One reason could be the conditions in which minority teachers find themselves. A report by the Brookings Institution found that these teachers are siphoned into schools with more curriculum problems and poor funding, resulting in longer hours compared to white teachers in more well-funded schools. Take Teach for America, for example; turnover among its participants has been a consistent problem for the nonprofit, which trains and places high-performing college graduates into some of America’s most problematic schools.

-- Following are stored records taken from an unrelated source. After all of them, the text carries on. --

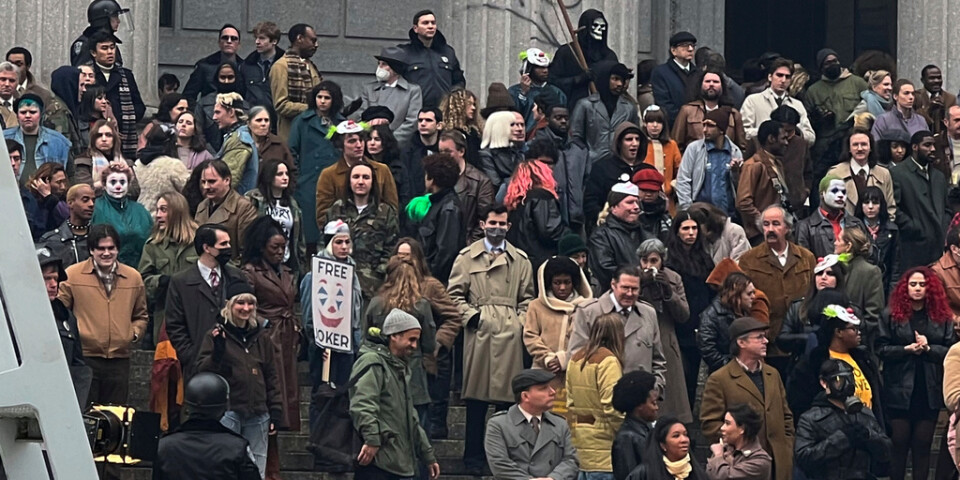 Skådespelare trängs på trappan till en domstol i New York under inspelningen av den andra "Joker"-filmen.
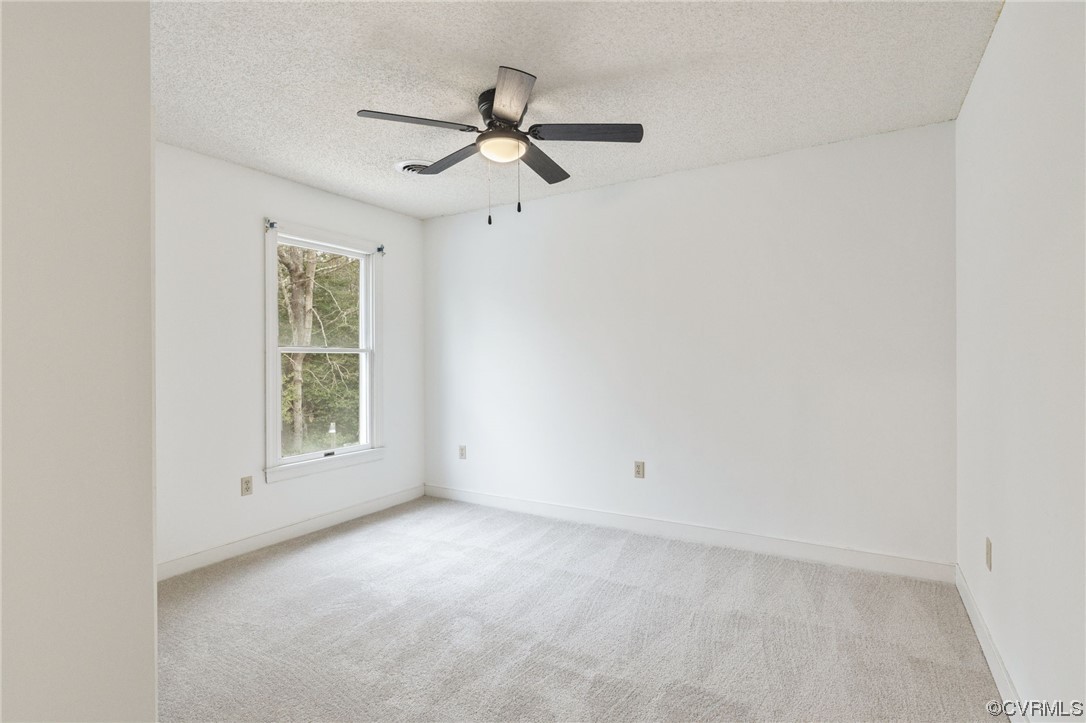 9106 Hickory Road Chesterfield, VA 23838 - Photo 29 of 42 an empty room with a window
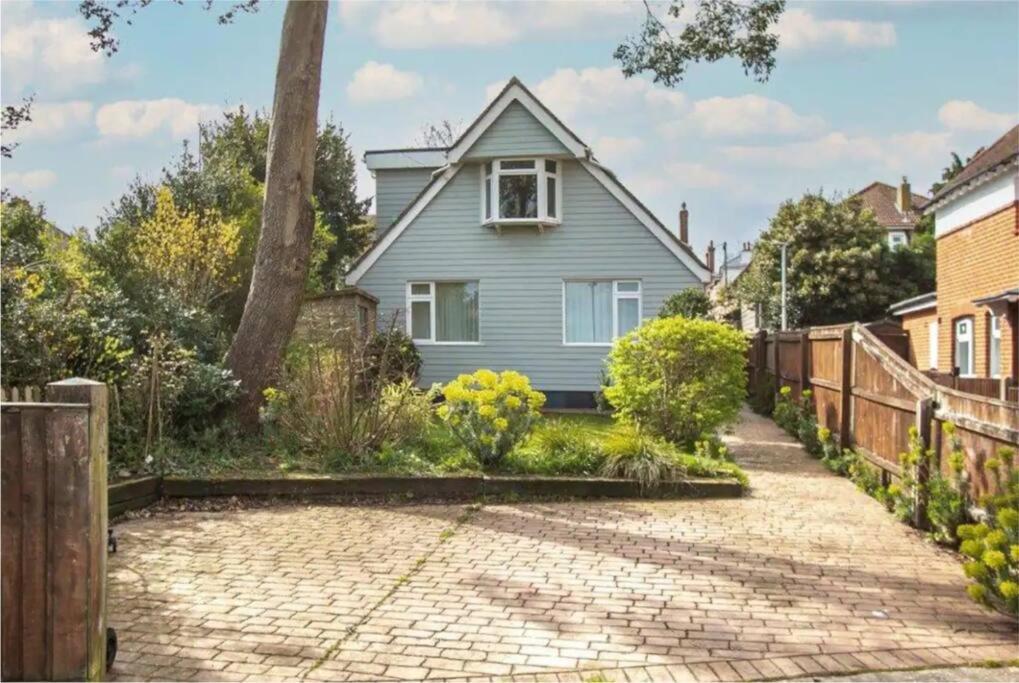 Beautiful 4 Double Bedroom House In Poole With Hot Tub, Near Sandbanks エクステリア 写真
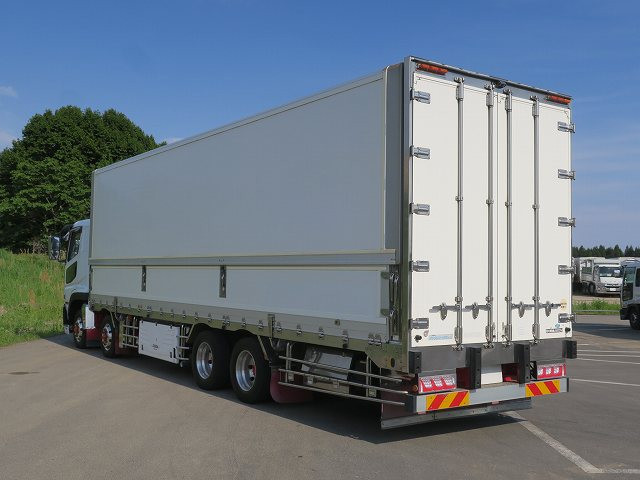 中古トラック 三菱ふそう冷蔵冷凍車 ＃4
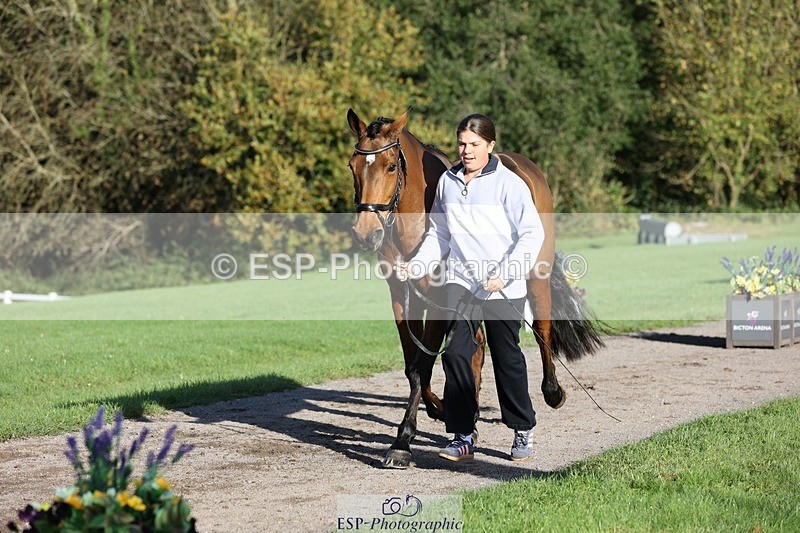 241027-092428-15265 - 373-Isabelle.Thwaite-BEACH.LADY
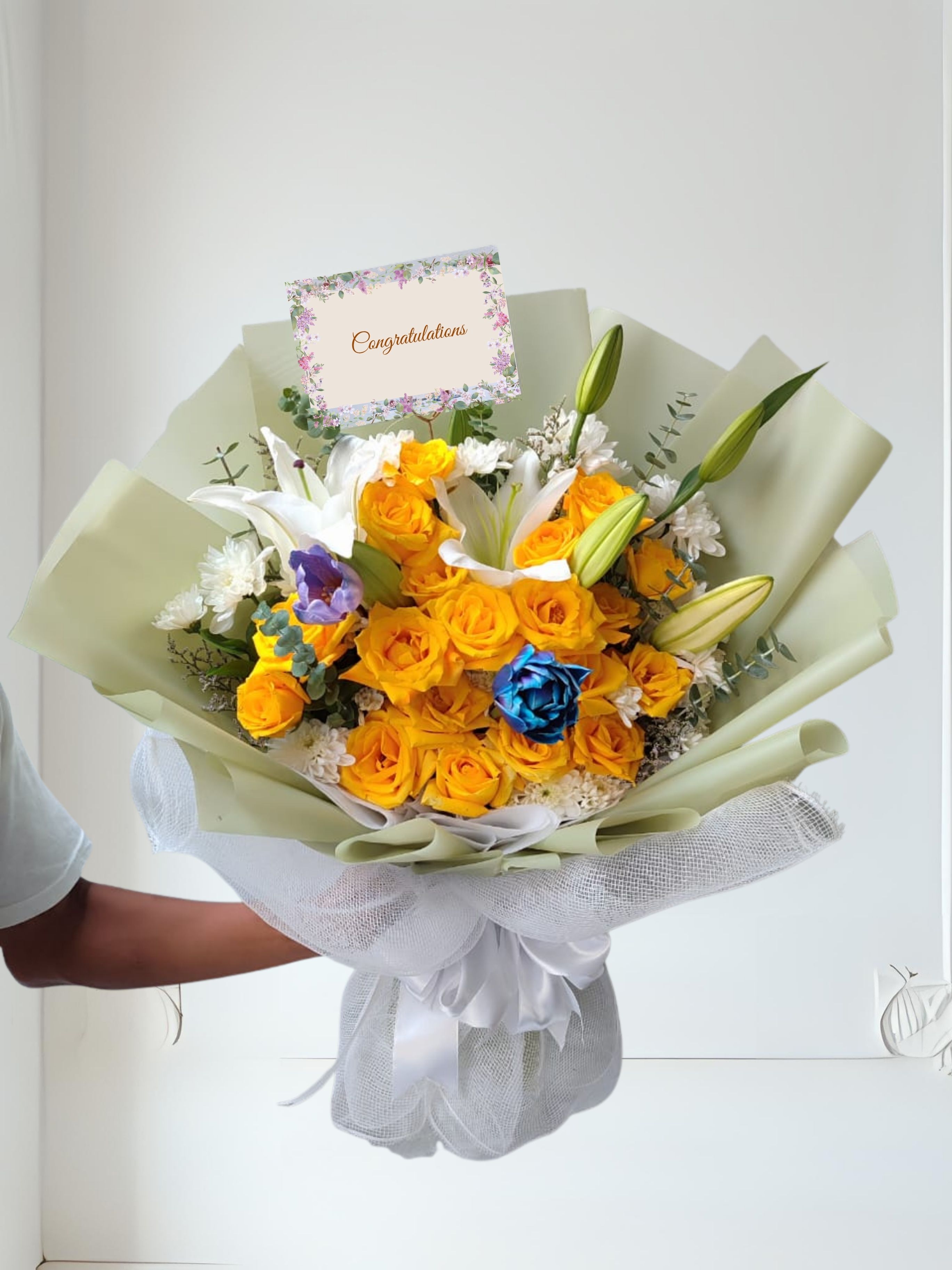 HB36 - Hand Bouquet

The good news is that some programs, like BranchEd where Herring works, are starting to direct efforts at keeping minorities in the profession by exposing prospective teachers to other aspects of the job, such as what it’s like working with poverty-stricken kids in underfunded schools. In addition, BranchEd partners with educator-training programs that enroll the most non-white candidates, such as historically black colleges and universities and other minority-serving institutions.
The black, Latino and Asian teachers that graduate from MSIs, says Herring, are staying in their jobs longer than their traditionally educated peers. She credits the success of these institutions to a “special sauce” that emphasizes student outcomes and supporting students’ emotional integrity rather than focusing solely on course and curriculum development. Through BranchEd, Herring is sharing that recipe of success with other organizations, which includes giving candidates a trial-by-fire lesson in teaching a class and then getting feedback — a model she calls “learning by doing.”
“The problem [of hiring and retaining minority teachers] is a bit gargantuan, and every program and school is trying to address it by taking different approaches, but we need to become more unified,” she says. “We see success in what we’re doing at BranchEd, which is hoping to simplify the MSI model for other institutions to learn from.”
But despite the efforts of organizations like NYC Men Teach and BranchEd, advocates are worried that the progress that’s being made won’t be enough, at least in the immediate future.
“We think of the work of transforming the field of education as generational; it’s not a shift that happens within a year or five years,” says Peter Fishman, vice president of strategy with Deans for Impact. “It takes 10, 15, 30 years before you see the true impact.”
Nonetheless, he says, there is hope that current teachers of color will at least spark aspiring students to continue in the career path of their favorite teacher. “When you achieve [teacher diversity], you’re impacting one student of color and then inspiring them to do the same, and so forth. It becomes a bit of a virtuous cycle.”